* Supplied material
------------------------------------------------------------
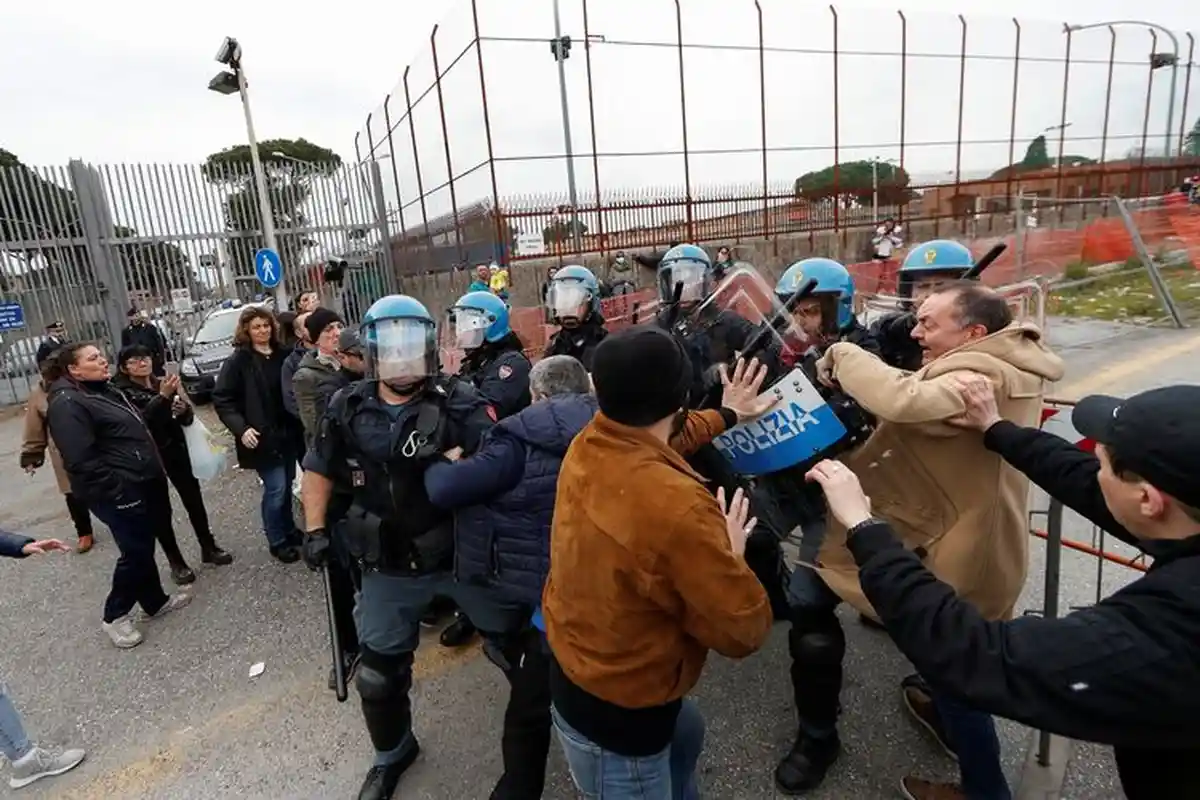 Dampak Virus Corona di Italia, Langkah Karantina hingga Kerusuhan Tewaskan 7 Orang di Penjara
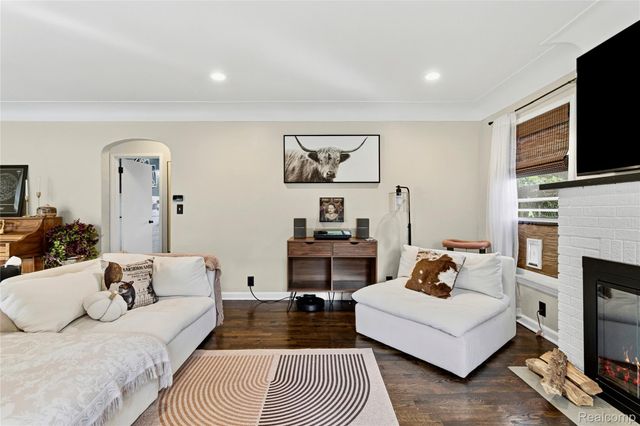 3413 Blue Lake Drive, Genesee Charter Township, MI 48506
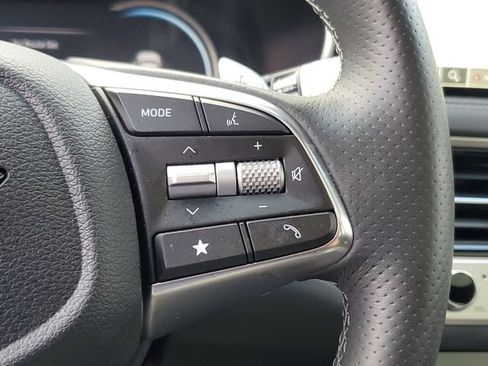 Certified 2026 Genesis G70 2.5T Prestige RWD image 15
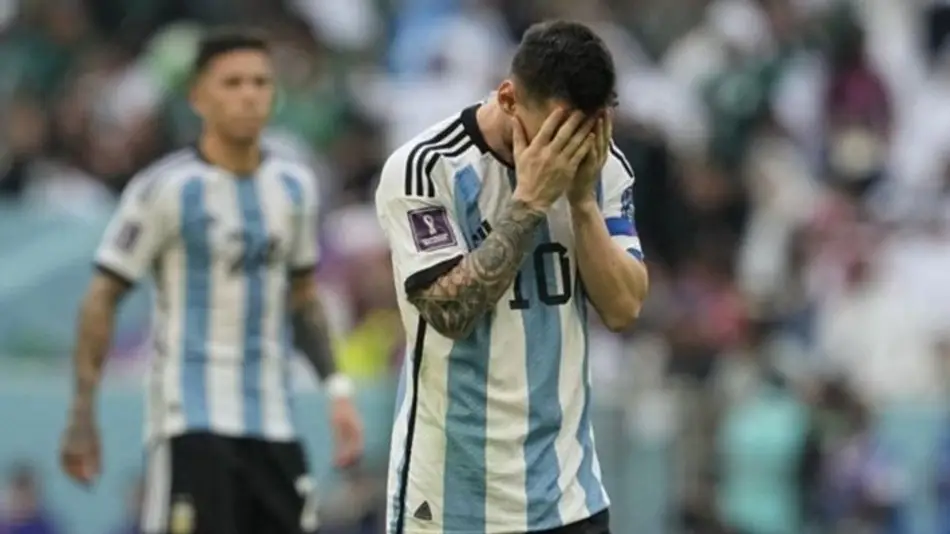 Quiso tatuarse a Messi y a la Copa del Mundo, pero el resultado no fue el esperado y se hizo viral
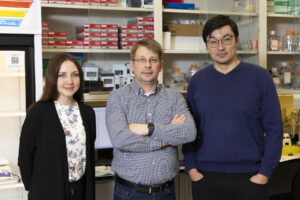 UIC research helps create new antibiotic that evades bacterial resistance 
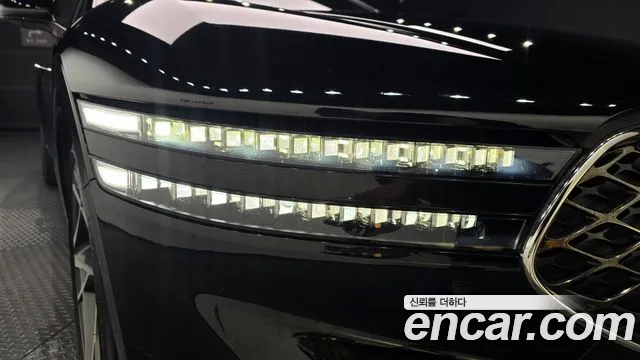 Genesis G90 Бензин 3.5 турбо AWD — Фото автомобиля 20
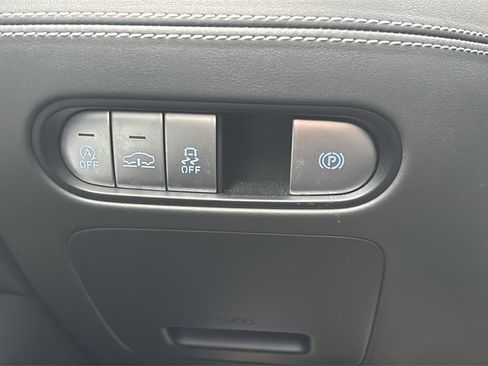 Used 2024 Genesis G90 3.5T image 19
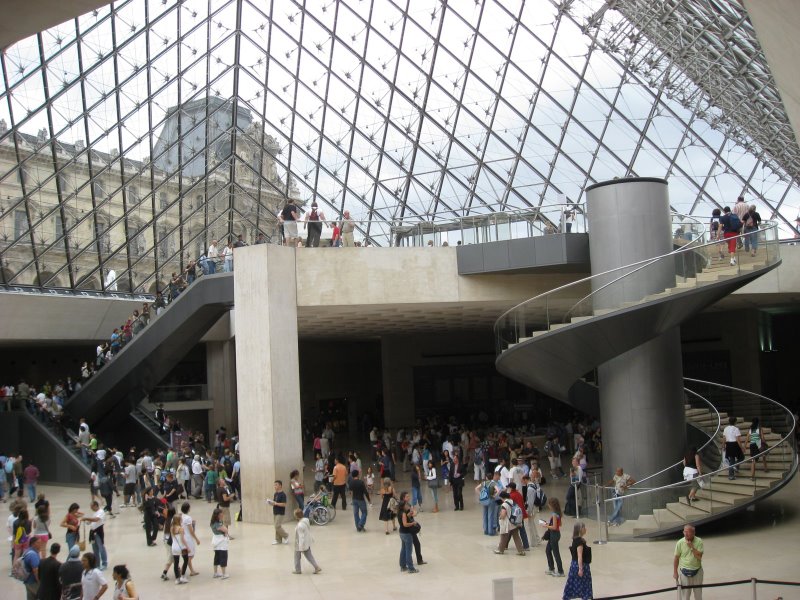 El-Museo-del-Louvre-imagenes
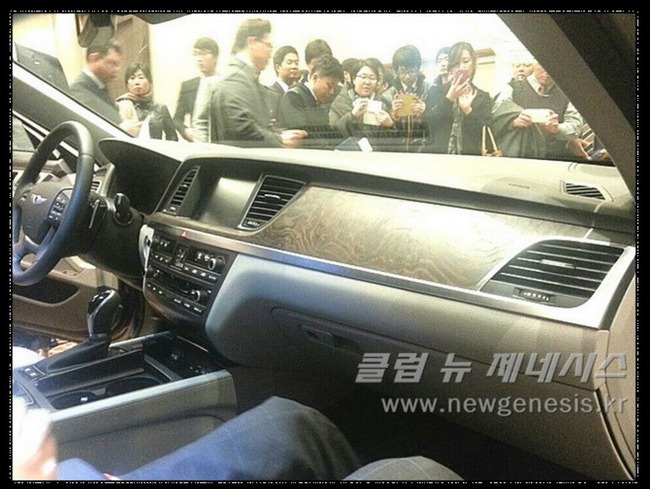 "Ảnh sống" của Hyundai Genesis Sedan thế hệ mới 9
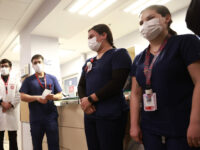 La subsecretaria de Salud Pública, Alejandra Pizarro, explicó: "Lo hacemos porque los virus respiratorios siguen circulando con fuerza y más de la mitad de las muestras analizadas están dando positivo a estos virus".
------------------------------------------------------------
* What the task requires
With pictures excluded, copy exactly the lines from the line containing "thế hệ mới 9" through the last line of the listing above, both ends included.

* Output below
 "Ảnh sống" của Hyundai Genesis Sedan thế hệ mới 9
 La subsecretaria de Salud Pública, Alejandra Pizarro, explicó: "Lo hacemos porque los virus respiratorios siguen circulando con fuerza y más de la mitad de las muestras analizadas están dando positivo a estos virus".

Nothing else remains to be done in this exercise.